The dollar index, which measures the greenback against six rival currencies, was at 93.231, little changed on the day.
Congressional Republicans scrambled on Wednesday to reformulate their tax-cut bill to satisfy lawmakers worried about how much it would expand the federal deficit, as the measure moved toward a U.S. Senate floor vote later this week.
The U.S. Senate will vote later Wednesday on whether to begin debate on a Republican tax bill, Senate Majority Leader Mitch McConnell told the chamber.
“There is a lot on the Trump administration’s plate in December and their track record is not the best,” said Alfonso Esparza, senior currency analyst at OANDA in Toronto.
“Until something is delivered the market is a bit hesitant.”
The dollar index, which slipped nearly 1 percent last week, is up 0.5 percent so far this week.
“It’s a little bit of an unwind of what we saw last week,” said Brad Bechtel, managing director FX at Jefferies in New York.
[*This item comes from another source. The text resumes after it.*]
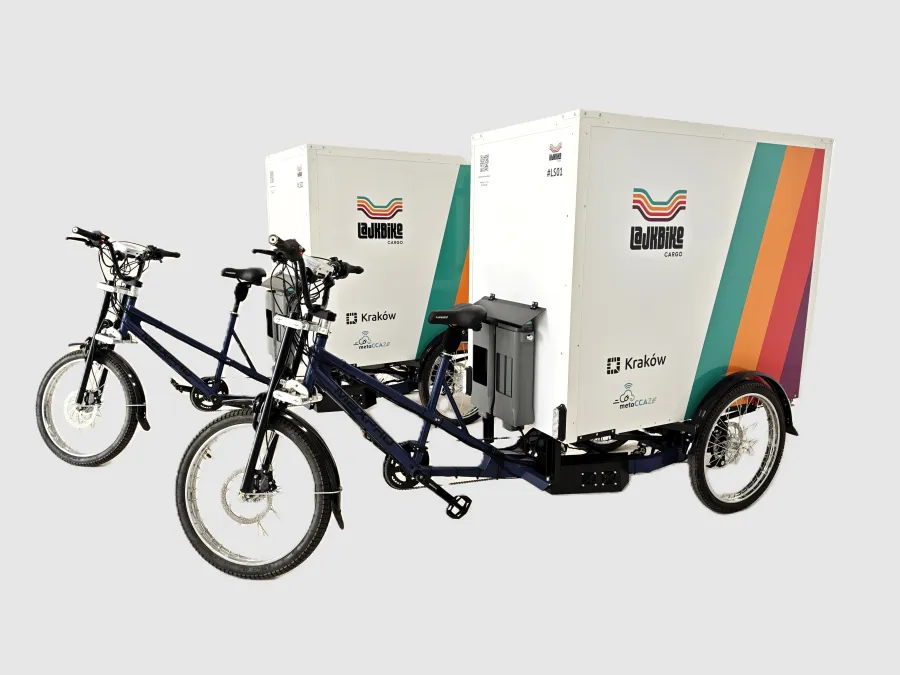 Dwa rowery cargo z przyczepami, z kolorowym logo i napisem Kraków.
The greenback has drawn support from strong data and remarks on Tuesday by Federal Reserve chair nominee Jerome Powell signalling that the central bank is likely to raise interest rates again next month, Bechtel said.
Data on Wednesday showed the U.S. economy grew faster than initially thought in the third quarter, notching its quickest pace in three years, as increases in business investment in inventories and equipment offset a moderation in consumer spending.
Against the yen the dollar was 0.36 percent higher, as U.S. Treasury yields climbed after the upbeat GDP data.
Bitcoin was the most eye-catching mover, and zoomed past $11,000 to hit a record high of $11,395 before pulling back to trade at $9,919.58, little changed on the day.
Sterling rose to a two-month high after European Union diplomats said that Britain has moved “close” to EU demands over Brexit, although concerns that differences remain on key conditions capped the currency’s gains on Wednesday.
Sterling was 0.59 percent higher at $1.3415.
The Canadian dollar weakened to a nearly four-week low against its U.S. counterpart as oil prices fell.